▶ EXERCISE
Retype the lines below exactly, but only those from the line that has "約１２．６帖のリビングダイニング" through the line that has "Building Photo - 407 Crested View Dr". Omit every picture.

▶ LISTED ENTRIES

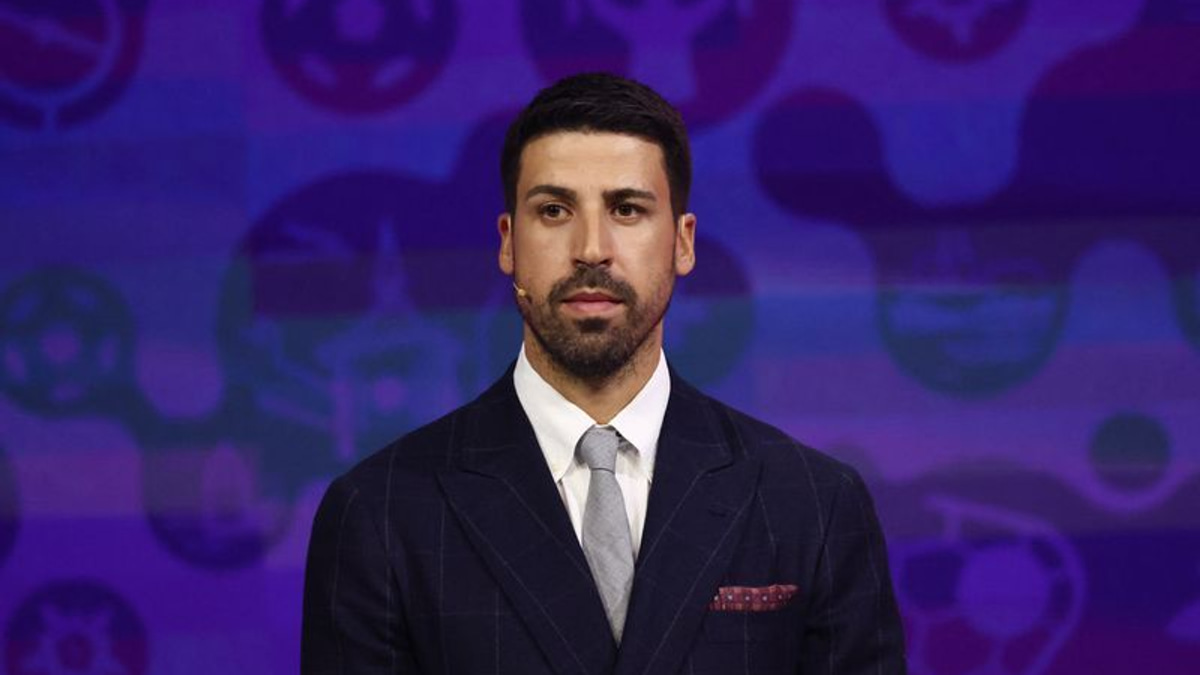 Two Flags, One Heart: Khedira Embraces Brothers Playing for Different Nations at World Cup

---

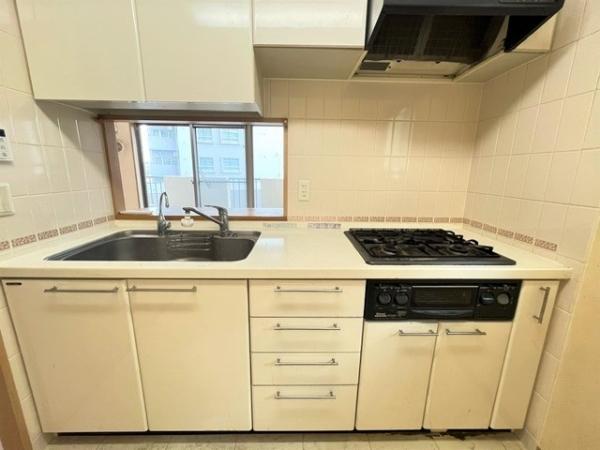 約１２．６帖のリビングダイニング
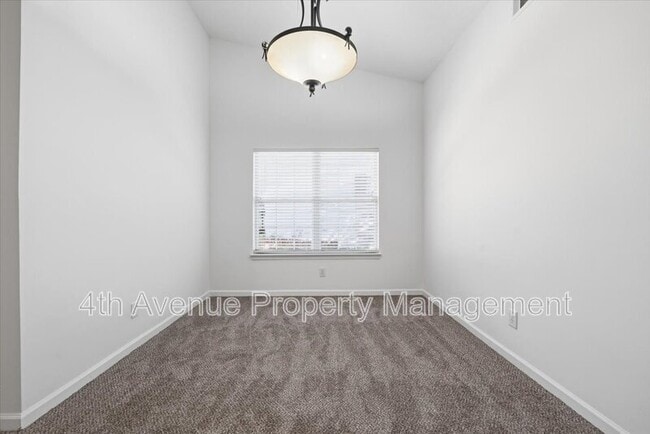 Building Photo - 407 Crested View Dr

▶ EXERCISE OUTPUT
 約１２．６帖のリビングダイニング
 Building Photo - 407 Crested View Dr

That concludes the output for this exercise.